● Your task:
A word-for-word copy of the following listing is needed. Leave out its images.

● Stored data:
::::
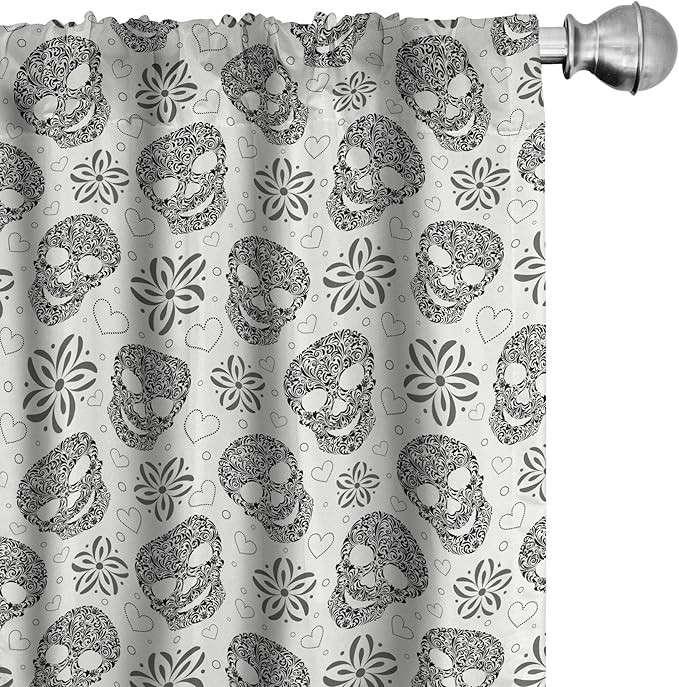 Ambesonne Skull Curtains, Abstract Floral Skulls Daisies Hearts Circles Illustration Vintage Style Print, Window Treatments 2 Panel Set for Living Room Bedroom, Pair of - 28" x 84", Black and White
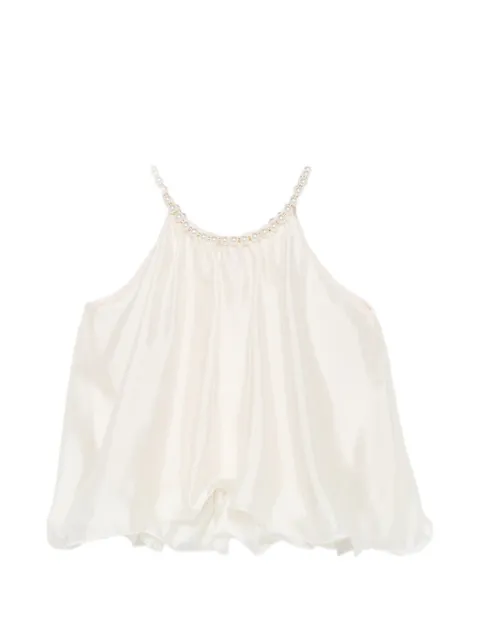 Paper Lace top a capas con perlas artificiales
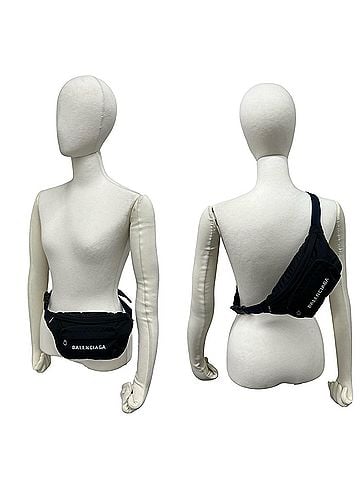 Balenciaga BALENCIAGA Wheel Belt Bag, Nylon Body Waist Pouch, Black/Navy, 85388 (view 2)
::::
● Response to the task:
 Ambesonne Skull Curtains, Abstract Floral Skulls Daisies Hearts Circles Illustration Vintage Style Print, Window Treatments 2 Panel Set for Living Room Bedroom, Pair of - 28" x 84", Black and White
 Paper Lace top a capas con perlas artificiales
 Balenciaga BALENCIAGA Wheel Belt Bag, Nylon Body Waist Pouch, Black/Navy, 85388 (view 2)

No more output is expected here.